L'expression artistique et culturelle a toujours eu une relation ambiguë à l'espace urbain. C'est un élément qui façonne l'identité de la ville, d'une part et d'autre part, il interroge la relation de la population à l'espace public urbain. La ville de Casablanca n'échappe pas à cette ambiguïté. En effet, à partir des années 80 du siècle dernier, Casablanca a connu à l'instar des autres villes du Maroc, un déclin de la vie culturelle et artistique qui s'est manifesté entre autres par la disparition des maisons de jeunes dans les quartiers, la fermeture des théâtres municipaux et des salles de cinéma. Cette situation a donné lieu à l'apparition d'un art élitiste et inaccessible à tous. Cependant, au tournant du nouveau millénaire, la scène culturelle et artistique de Casablanca a connu des agitations plus particulièrement avec l'avènement du mouvement Nayda qui s'est renforcé durant les manifestations de contestation produites parallèlement à la période dite « printemps arabe ». Dès lors, soudés au sein du mouvement de la culture underground, des manifestations regroupées sous l'appellation des arts de rue ( Break danse, skate, DJ-ing, graffiti, musique, théâtre de l'opprimé, cirque, marionnette, etc), ont submergé l'espace urbain. Ainsi, ces formes d'expression « extramuros » ont désormais relancé un débat public autour de leur légitimité.
En s'inscrivant dans ce contexte de haute tension sociale et politique, nous proposons dans cette communication d'examiner deux types de ces formes artistiques, à savoir la musique de rue tout genre confondu et le graffiti. Ce travail s'appuie sur deux enquêtes empiriques, menées séparément dans la ville de Casablanca, réalisées suivant une méthode qualitative. La première réalisée en 2019 sur les artistes musiciens et la deuxième est tirée d'un travail de thèse en cours depuis 2016 sur la pratique du graffiti à Casablanca. Le croisement des observations et des résultats de ces investigations permet de tracer les divergences et les convergences dans le processus d'évolution de ces deux pratiques dans le même espace urbain.

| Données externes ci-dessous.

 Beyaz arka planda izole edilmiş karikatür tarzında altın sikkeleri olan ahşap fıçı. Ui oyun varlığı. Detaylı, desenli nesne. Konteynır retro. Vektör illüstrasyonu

Ainsi dans ce présent travail, il serait question d'abord de cerner l'émergence de ces formes artistiques dans des espaces interstitiels de la ville : les individus et les troupes musicaux au centre de la ville et les artistes graffeurs dans des espaces marginaux et périphérique. Ensuite, nous allons suivre leur évolution suite aux interventions des autorités politique au niveau local et national. Puis, nous allons exposer les modalités et les stratégies des contrôle mis en place (libération de l'espace public, répression, récupération, institutionnalisation, etc) pour insérer ces pratiques dans un cadre normatif compte tenu des enjeux politiques qui en découlent. Finalement, nous allons voir comment l'opérationnalisation de ce contrôle a contribué à un mouvement de déplacement spatial de ces pratiques dans un sens inversé : le centre est le lieu privilège du graffiti et l'espace marginal est devenu le lieu de production des musiciens.